Charles Olson offers that statement as counsel to Raymond Souster in a 1955 letter.
He’s wanting to dissuade him from using what I’ll try calling “social visuals” in his poetry, as in “What Can I Say”’s appraisal of a drunk couple seen Monday morning on the street, in Souster’s For What Time Slays (1955), that he had sent Olson, who responds, directly and frankly.
What Can I Say
by Raymond Souster
What can I say except that they were drunk,
that it was Monday morning—
the day after Sunday,
long, endless Sunday,
boring, restless Sunday.
What more can I say except that the woman
could walk no better than the man,
that they held each other up as they walked,
that the woman took the lighted cigarette
out of the man’s mouth, dragged hard on it,
as if that could make everything right again,
which of course it couldn’t,
which of course was impossible.
What else can I say except that I felt sick
as they turned out of sight along the little street
leading to the railway tracks,
Which could mean either, I suppose, that I have a weak stomach
or else so much pity to waste on the people of this earth.
Olson’s saying, in the letter: Don’t sacrifice the personal (“[...] and I don’t mean person as personality).
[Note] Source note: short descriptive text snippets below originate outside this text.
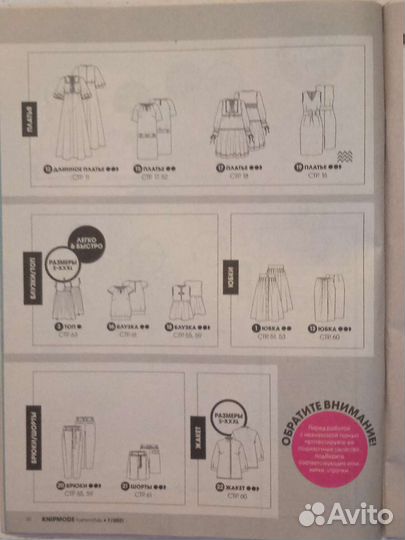 Журнал по шитью Knip 7/2021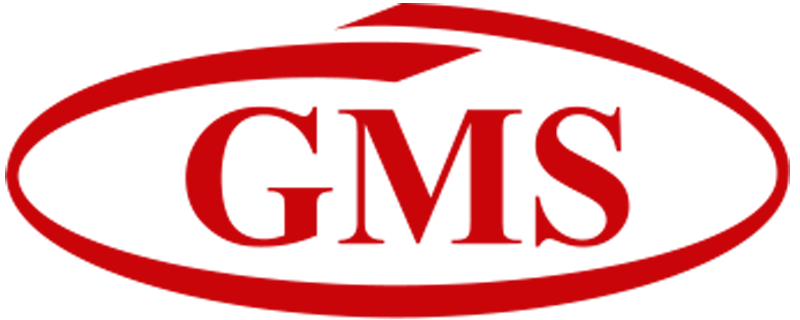 Logo der Firma "GMS Geräte- und Mietservice"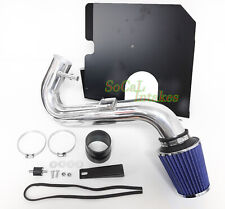 Blue Heat Shield Cold Air intake Kit For 2005-2009 Ford Mustang Base 4.0L V6 picture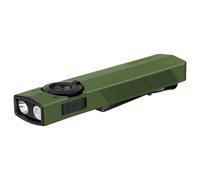 OLIGHT ArkPro 1.500 Lumen Torcia Piatta con Luce Diffusa Pura, Concentrata, UV e Verde, con Due Opzioni di Ricarica, per Attività All'aperto, Rilevamento e Indicazione (Verde OD)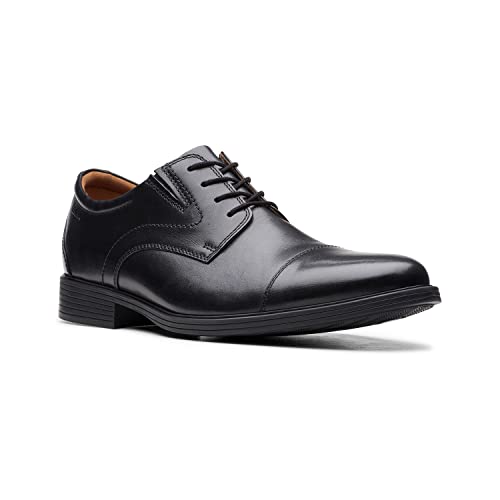 Image of Clarks Men's Whiddon Cap Oxford Shoes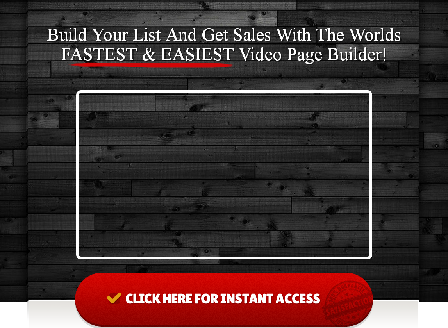 cheap Instant Video Pages -Ralph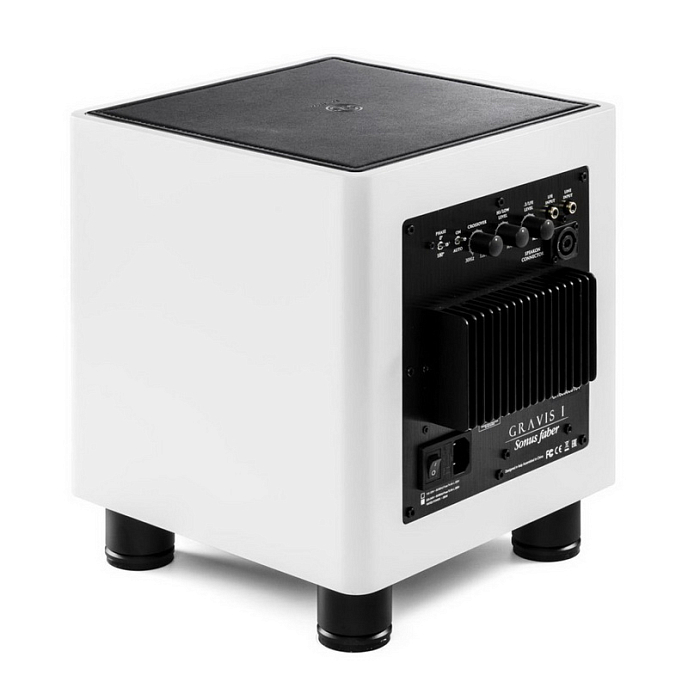 Сабвуфер Sonus Faber Gravis I White - рис.2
I mean Souster the man, like the rest of us, with much coming at him, coming from him, the which is more complex than even any verbal composition can declare”), that is, don’t sacrifice the personal for a societal, humanist ideal that, as just one individual, you can’t deliver on anyway, poem thereby ending up reinforcing the very norms your poetics, Ray (aligned as they are with mine) intended to sidestep or even reject.
“You,” Ray Souster, poet! “is Yonge Street. Exactly what you despise,” Olson declares. “You is staying pavement (instead of the crack in it). You is linoleum.”
Turning Souster’s poem in Olson’s direction would mean assuming an equal footing — I’m going to press further meaning into that phrase — between the drunk couple and the speaker. Recognizing a shared ideal plane of humanity isn’t enough to create equal footing.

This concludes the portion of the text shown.